Better Bridges: Building blocks for bridges
Constructing a bridge via Accelerated Bridge Construction (ABC) that uses lightweight fill material can involve what appears to be assembling giant building blocks. But these are made of polystyrene so contractors are working with huge plastic foam blocks.
“They are literally like assembling giant Lego blocks,” explains Fred Doehring, deputy bridge engineer for the Utah Department of Transportation (UDOT). It’s the use of innovative material such as this in construction that is enabling state agencies to speed up the repair of bridges.
UDOT believes that by using some of these innovative construction technologies, including Self-Propelled Modular Transporter (SPMTs) and Accelerated Bridge Construction (ABC), the agency was able to dramatically reduce the impact on roadway users of replacing Salt Lake City’s I-215 bridge at 3300 South. The use of SPMTs — a series of hydraulic trailers — in conjunction with the lightweight expanded polysytrene Geofoam blocks rapidly sped up the replacement of the bridge, Doehring says.
Traditional bridge replacement requires lane closures and traffic impediments for many times a month a more, says Rick Chestnut, a principal at Terracon Engineering. However, with the I-215 at 3300 South bridge project, UDOT did a benefit-cost analysis of the project, known as the “delta” cost. It determined that using ABC technology would make a significant difference to the motoring public.

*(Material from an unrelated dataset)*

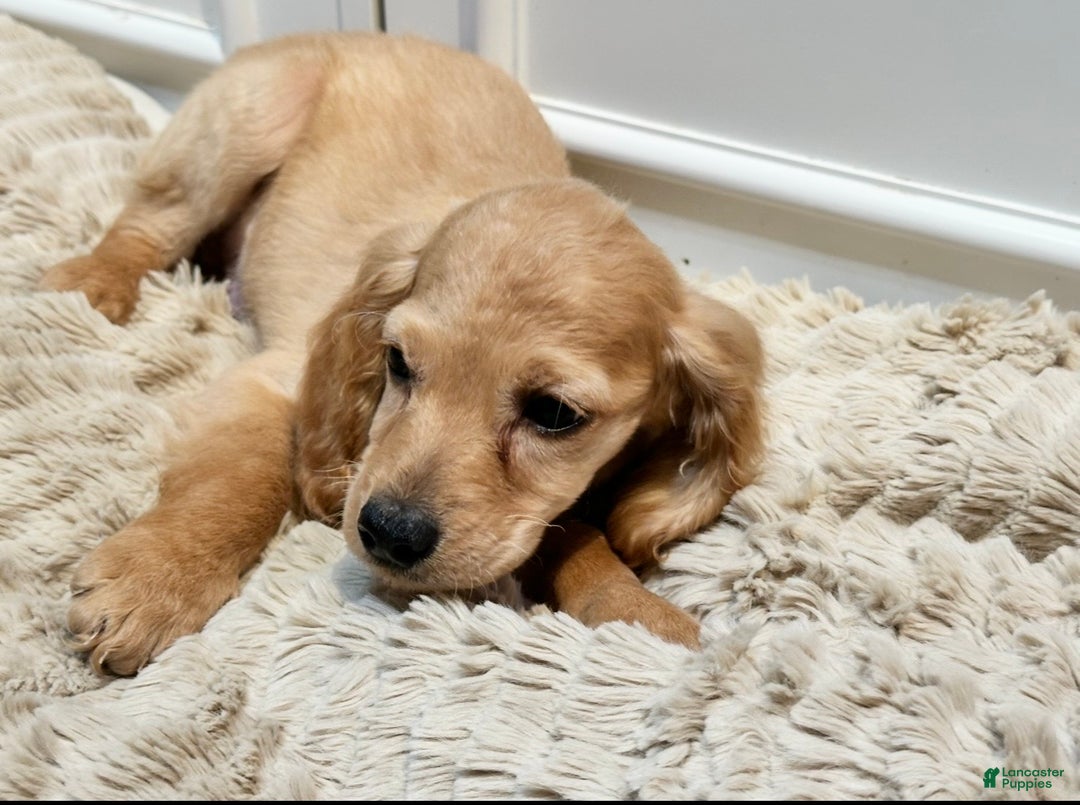 Cockapoo dogs for sale: Cane - Ad 7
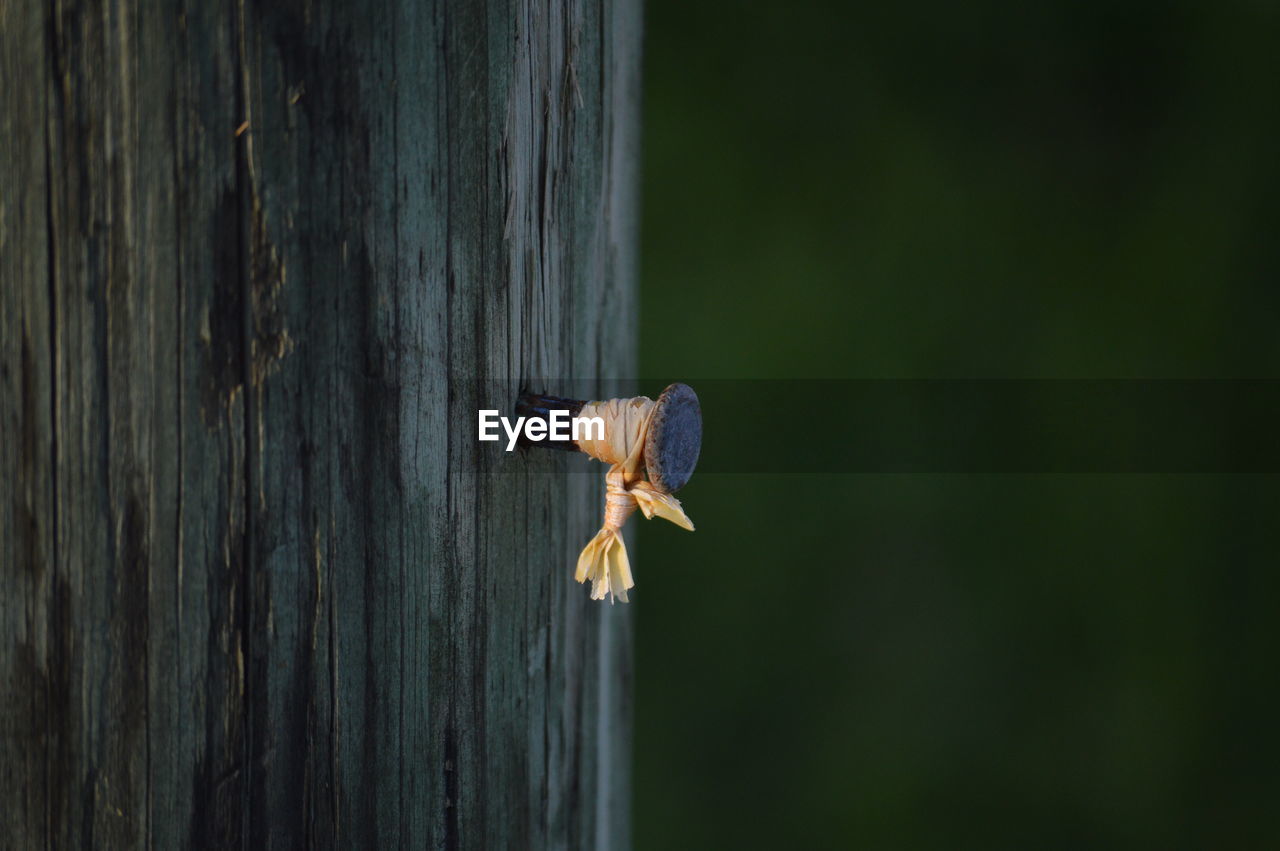 Close-up of nail on wood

When the UDOT put the structural repair of the bridge up for bid a requirement was to minimize delays. Utah’s I-15 is the major corridor and I-215 wraps around it, making both highways major arteries. Shutting down the area or even rerouting traffic temporarily would be a major undertaking and severely interrupt traffic. That’s why Ralph Wadsworth Construction, the contractor that UDOT ultimately awarded the job, proposed the project using ABC technology incorporating Geofoam (manufactured by ACH Foam) to minimize traffic impact. Just a year before, the I-215 bridge at 4500 South project also was completed through ABC by the same contractor.
“By using rapid replacement techniques, we only shut down I-215 for 19-1/2 hours,” Bryan Jensen, field engineer with Draper, Utah-based Ralph Wadsworth Construction, points out. “After we reopened I-215, we finished the tie-ins and turned the bridge over to UDOT for use within eight days. According to UDOT, this was the fastest single-span bridge replacement. The rapid techniques allowed us to finish the bridge all within a short time frame instead of months of lane shifts and road restrictions.”

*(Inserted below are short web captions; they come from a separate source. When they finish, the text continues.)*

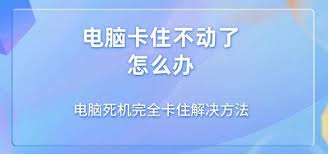 提升效率：解决电脑卡死与死机的正确处理技巧
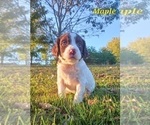 Small Photo #5 English Springer Spaniel Puppy For Sale in DILLSBURG, PA, USA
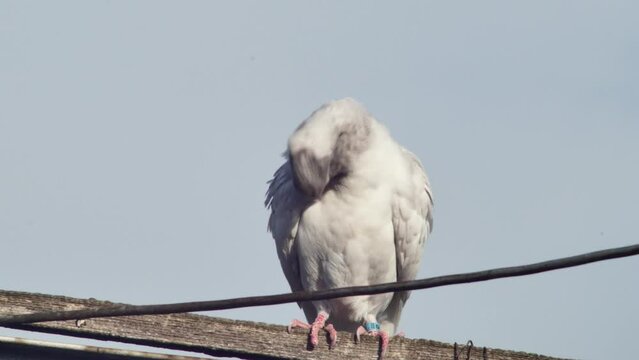 funny marble dove resting on the antenna, close-up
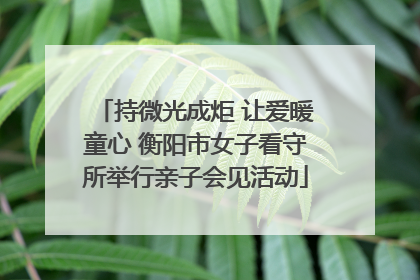 持微光成炬 让爱暖童心 衡阳市女子看守所举行亲子会见活动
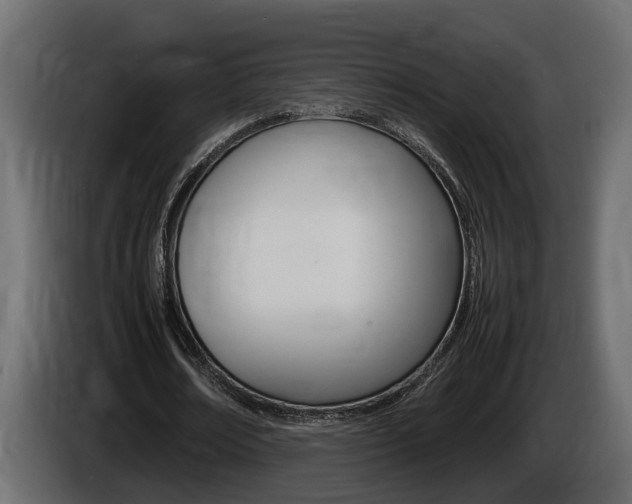 X0000086760674200704130815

Jensen notes that UDOT would only allow a window of 54 hours during with the bridge could be shutdown. “We accepted the challenge to do it,” he says. Jensen is quick to point out, “With this project, it wasn’t just about cost. UDOT was really good about considering the public’s own time to make sure they aren’t sitting in cars stuck behind orange barrels.”
Although the substructure and superstructure took several months to complete, the impact on users was minimal until the bridge was ready to be removed and replaced. The success of this project and the other ABC projects completed by UDOT has led to a statewide adoption of this technology. In fact, UDOT is in the process of awarding a $1.2 billion ABC project — a single design-build contract — to reconstruct 1-15 through Utah County.
UDOT has built/replaced 17 bridges using SPMTs, where sections of the bridge are built offsite and moved onsite by the special trailer transporters. The agency also has used several other methods of rapid replacement: It has completed five bridges where they were built adjacent to the existing bridge and then slid in place; two “drop in-place” bridges, where a superstructure is built and then cranes are used to put it into place and UDOT is currently working on its fourth and fifth bridge where all the components, including abutments, columns, bent caps, and decks, are pre-cast offsite and then hauled to the site.
“We’ve done a lot of tearing off of the old deck, where the existing girders are left in place and the deck is replaced using pre-cast deck panels,” Doehring says.